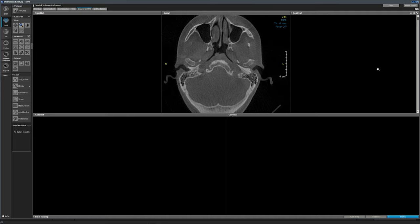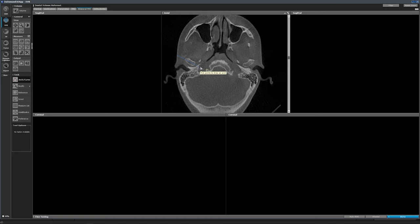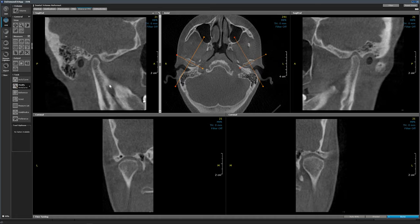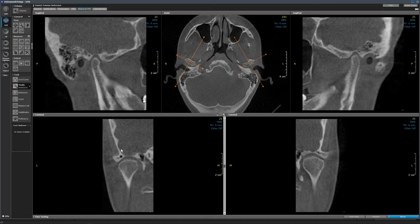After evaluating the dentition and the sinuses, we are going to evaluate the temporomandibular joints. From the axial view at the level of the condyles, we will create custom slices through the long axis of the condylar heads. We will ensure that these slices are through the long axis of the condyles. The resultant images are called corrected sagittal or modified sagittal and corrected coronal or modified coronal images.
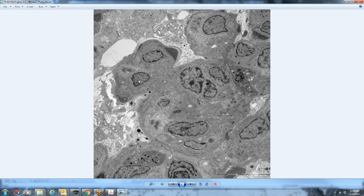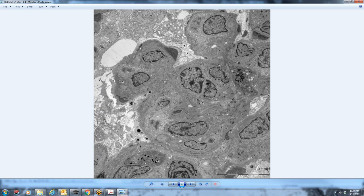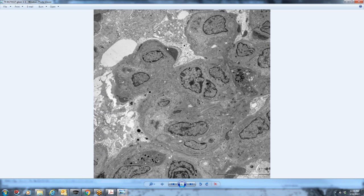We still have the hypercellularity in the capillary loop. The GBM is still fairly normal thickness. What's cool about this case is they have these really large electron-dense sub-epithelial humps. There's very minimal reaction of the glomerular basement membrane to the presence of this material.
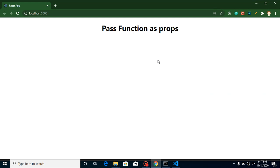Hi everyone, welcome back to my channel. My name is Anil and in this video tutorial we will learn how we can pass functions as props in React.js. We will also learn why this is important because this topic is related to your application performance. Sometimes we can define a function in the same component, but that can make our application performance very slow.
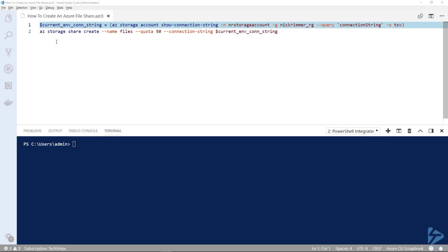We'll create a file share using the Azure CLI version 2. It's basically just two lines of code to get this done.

☆ ☆ ☆ ☆ ☆ ☆ ☆

Problem statement: Exclude all pictures and reproduce verbatim the lines running from the line that contains "Hi everyone, welcome" to the end of the data above, both ends included.

Answer section:
Hi everyone, welcome back to my channel. My name is Anil and in this video tutorial we will learn how we can pass functions as props in React.js. We will also learn why this is important because this topic is related to your application performance. Sometimes we can define a function in the same component, but that can make our application performance very slow.
We'll create a file share using the Azure CLI version 2. It's basically just two lines of code to get this done.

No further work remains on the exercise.